NEW YORK (AP) — Aaron Judge tried to hold up his swing on a 2-2 fastball from Boston’s John Schreiber that was darting high and outside through the afternoon shadows.

Chris Conroy signaled strike three, and Judge pointed his left arm at the first base umpire, then waved in disgust toward the ump while walking back to the Yankees dugout.

“Judgy reacts. He just doesn’t go argue with you,” Yankees manager Aaron Boone said Saturday after Judge went homerless for the fourth straight game and remained one shy of Roger Maris’ American League record of 61. “It was a case of he felt like he held a swing, A simple reaction, but he was locked right back in.”

New York beat the Red Sox 7-5 to close in on its first AL East title since 2019, getting a tiebreaking, two-run homer from Anthony Rizzo in the seventh off Schreiber (3-4).

Judge was 0 for 3 with two strikeouts, a flyout to medium center and a walk. Since hitting No. 60 to spark a ninth-inning comeback on Tuesday night, Judge is 3 for 13 with two doubles, five walks and six strikeouts.

His batting average dropped to .314 as Boston’s Xander Bogaerts went 2 for 4 and took over the AL lead at .315. Judge leads the major leagues with 128 RBIs and is in contention for the first Triple Crown since Detroit’s Miguel Cabrera in 2012.

With the Maris and Judge families again in attendance, the sellout crowd of 47,611 stood and buzzed each time Judge walked to the plate, then quieted for each pitch, as if focusing on a circus attraction called on to perform some feat. Each foul was met with groans, pitches out of the strike zone with boos.

“Even for a guy that hit 60 home runs, he still doesn’t hit them every day,” Boone said. “A lot of things got to line up to go deep, even for the best of the best. So as long as he continues to take good at-bats and make good swing decisions, it’ll happen sooner rather than later.”

Rizzo drove a changeup into the right-field bleachers two pitches later to break a 5-5 tie, reaching his career high of 32 homers for the fourth time.

Judge was on deck when the eighth inning ended, and a large percentage of fans rooted for the Red Sox to overcome a two-run deficit in the ninth. Scott Effross sidelined by a strained right shoulder since Aug. 20, allowed Boston to load the bases before getting his third save when Bobby Dalbec grounded into a game-ending forceout.
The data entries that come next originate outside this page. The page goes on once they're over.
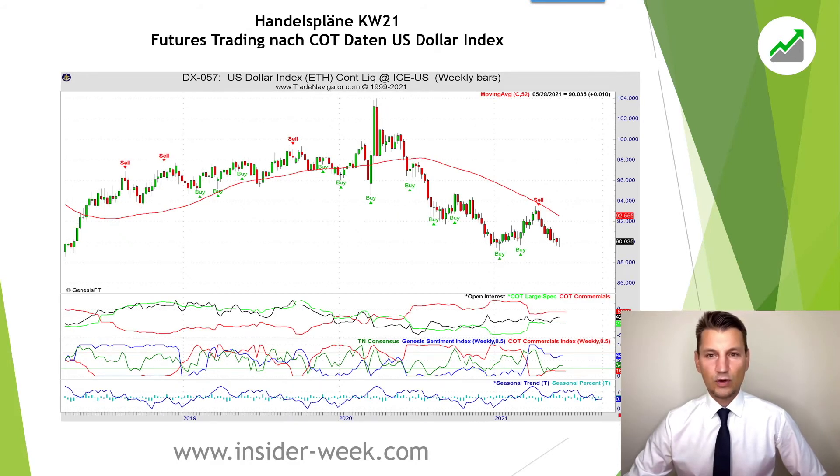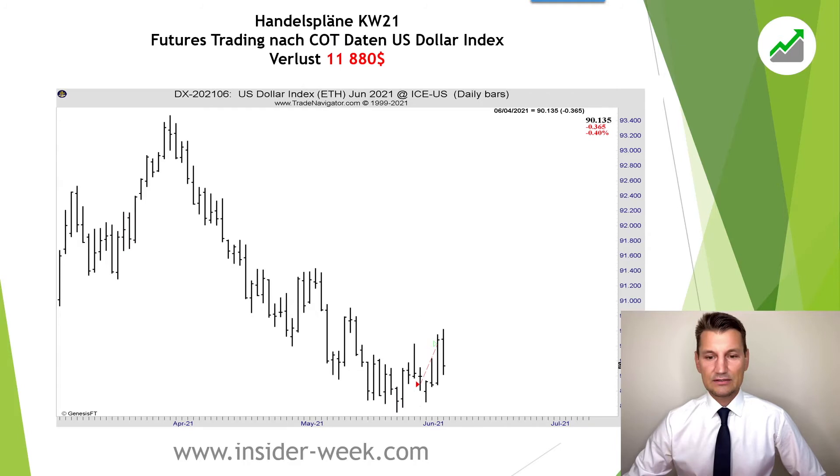Next trade: dollar index. This trade was not according to the trading rules. I overlooked that the signal became invalid last week because I spent a lot of time on the road. On the daily chart you can see that the market responded immediately. We realized a loss of 11,880 dollars.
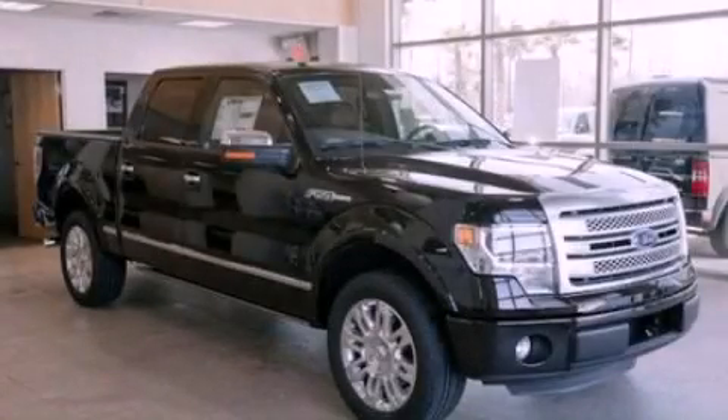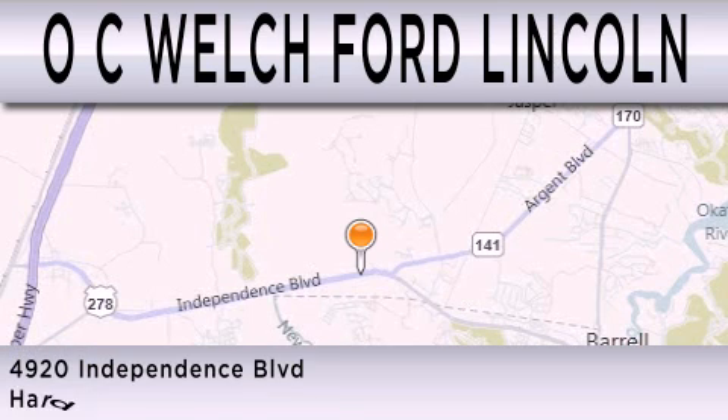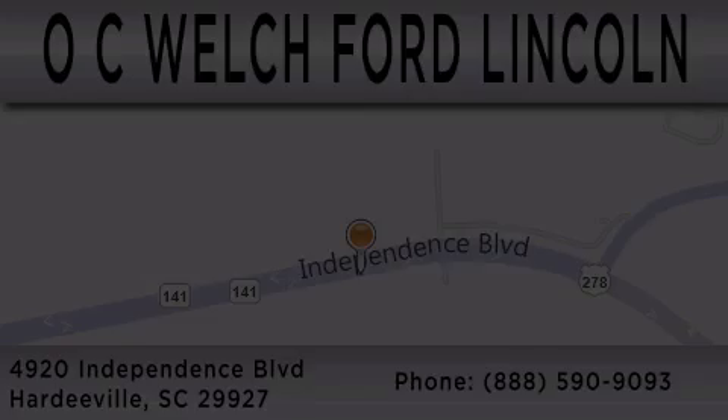Contact us today to schedule your opportunity to see this automobile in person. OC Welch Ford Lincoln is dedicated to doing everything possible to ensure that the experience you have selecting your next vehicle is as pleasant as possible. We're located at 4920 Independence Blvd. in Hardyville. Thank you, see you next time.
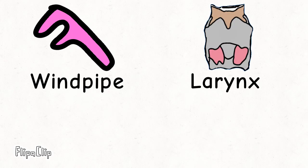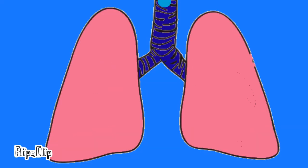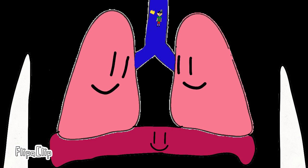Now we visited the windpipe and the larynx. Oh hi, what's your name? Hi, I'm Woodrow for the right lung. And I am Lawrence the left lung. The lungs bring their airways of oxygen and let go of carbon dioxide. Like this. Wow.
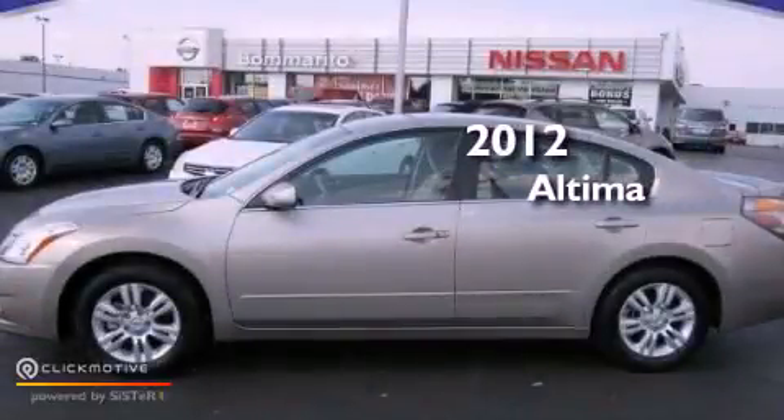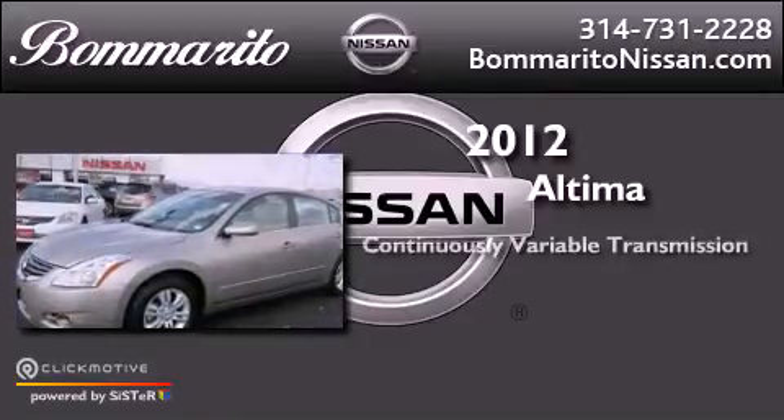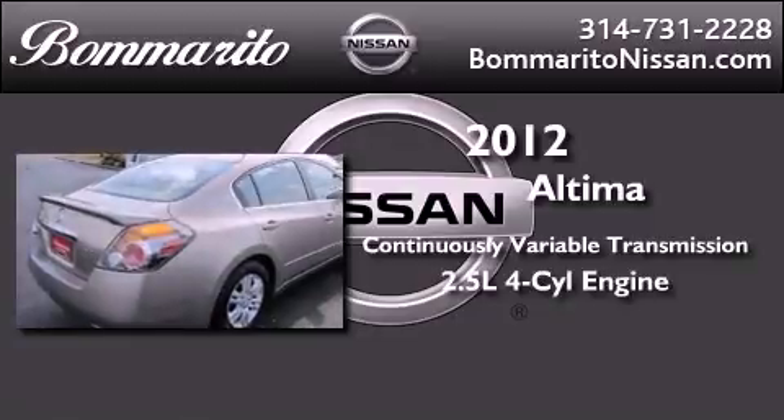This is a 2012 Nissan Altima. This four-door sedan has a continuously variable transmission and an inline four-cylinder engine.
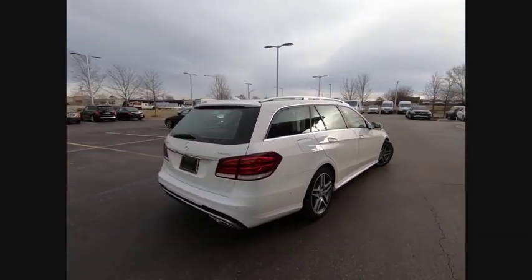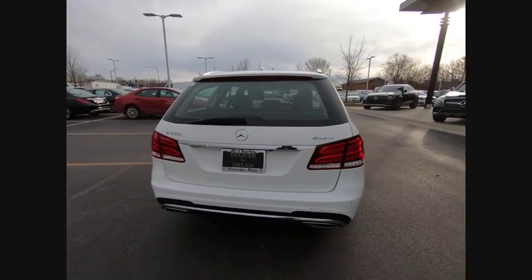This vehicle has less than 50,000 miles. Here are some of this vehicle's great options.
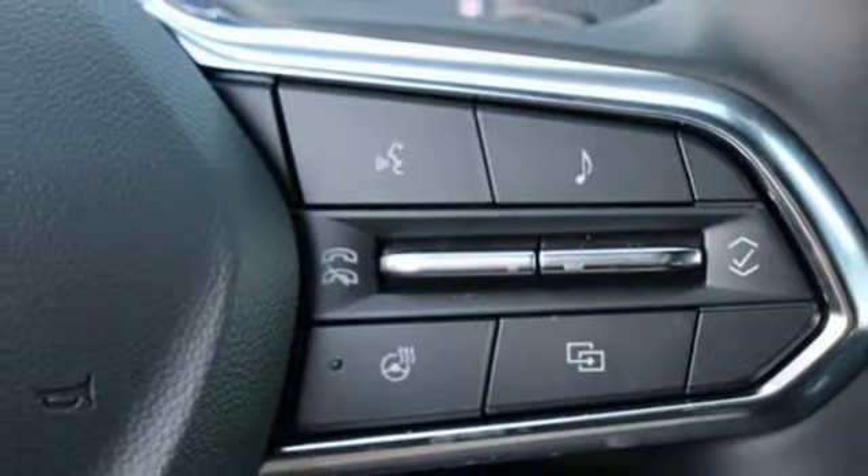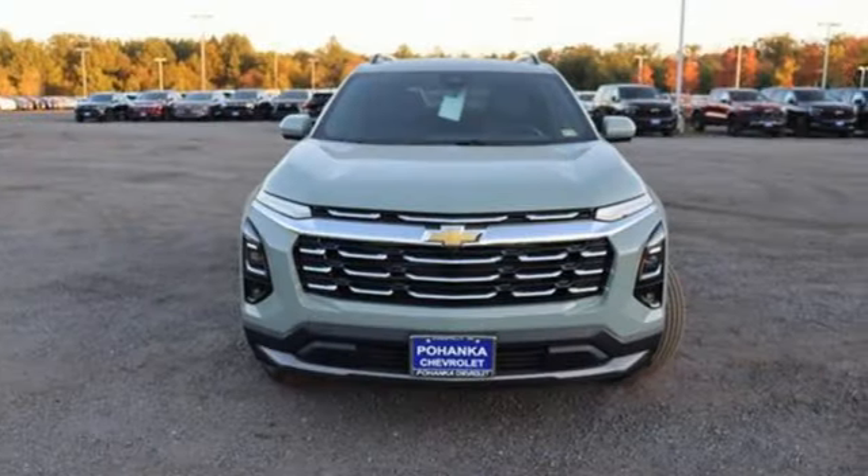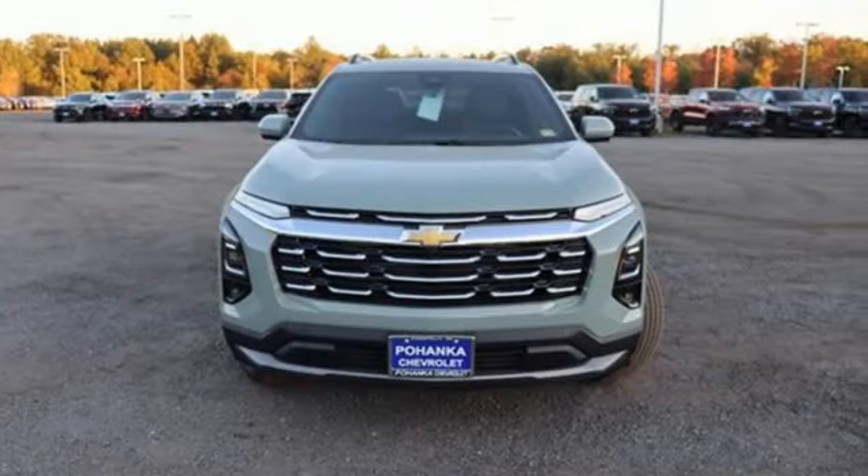There's more than a century of ingenuity and significance in every Chevy. The time is now. See it for yourself today.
“Actually it was kind of weird. The last inning there was a section towards right field, they started chanting ‘Let’s Go Red Sox!’ and it was a bunch of Yankee fans,” Boston manager Alex Cora said. “They were wearing their jerseys.”

Already assured a playoff berth, New York (93-58) has won six straight and 10 of 12, surpassing last year’s wins total and opening an 8 1/2-game division lead. The Yankees have 11 games remaining, finishing the four-game series Sunday before heading to Toronto for three games.

Oswaldo Cabrera hit a two-run homer in the fourth against Nick Pivetta, the rookie’s fourth since his Aug. 17 debut, and Gleyber Torres hit his 24th homer.

Boston (72-79) is on a four-game skid and likely headed to its second losing record in three years.

Triston Casas and Reese McGuire homered in the second against Domingo Germán, who allowed three runs and three hits in five innings. Alex Verdugo tied it at 5 with an RBI single in the seventh against Lucas Luetge (4-4).

Casas, Boston’s 22-year-old rookie first baseman, spoke with Judge after the Yankees star walked.

“I just tried to tell him I’m a fan,” Casas said, “let him know I appreciate what he’s doing and he’s such a great guy.”